Nothing but an exact repeat of the data, with pictures removed, belongs in the answer.

Information supplied:
+++++

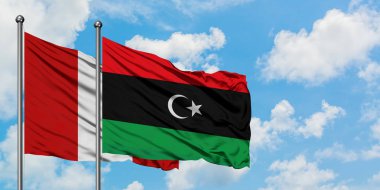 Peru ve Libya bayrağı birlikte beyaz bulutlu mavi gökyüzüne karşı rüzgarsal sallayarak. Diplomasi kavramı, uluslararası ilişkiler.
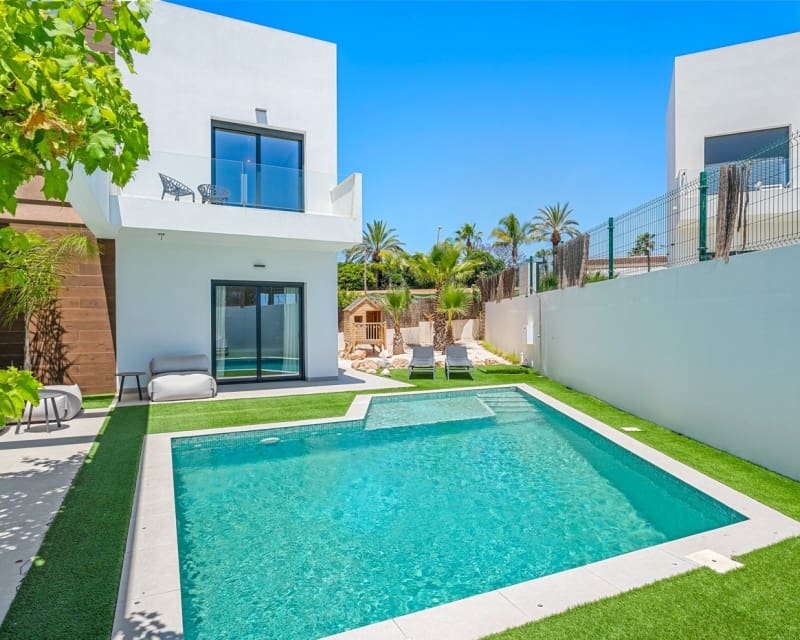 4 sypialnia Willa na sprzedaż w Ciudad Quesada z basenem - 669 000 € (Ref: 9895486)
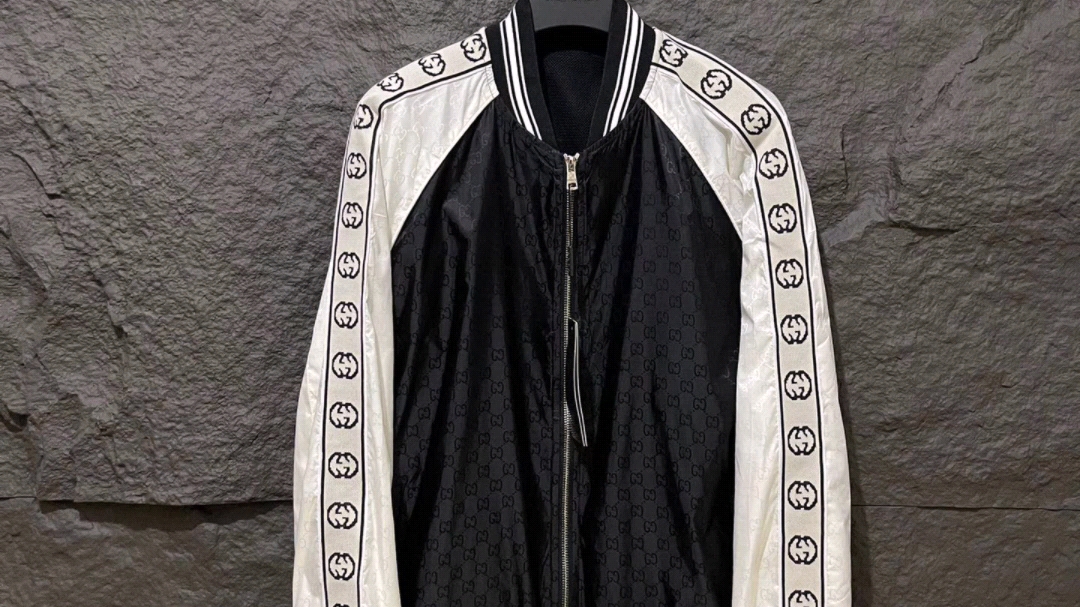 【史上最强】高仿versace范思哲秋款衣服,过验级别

+++++

Response:
 Peru ve Libya bayrağı birlikte beyaz bulutlu mavi gökyüzüne karşı rüzgarsal sallayarak. Diplomasi kavramı, uluslararası ilişkiler.
 4 sypialnia Willa na sprzedaż w Ciudad Quesada z basenem - 669 000 € (Ref: 9895486)
 【史上最强】高仿versace范思哲秋款衣服,过验级别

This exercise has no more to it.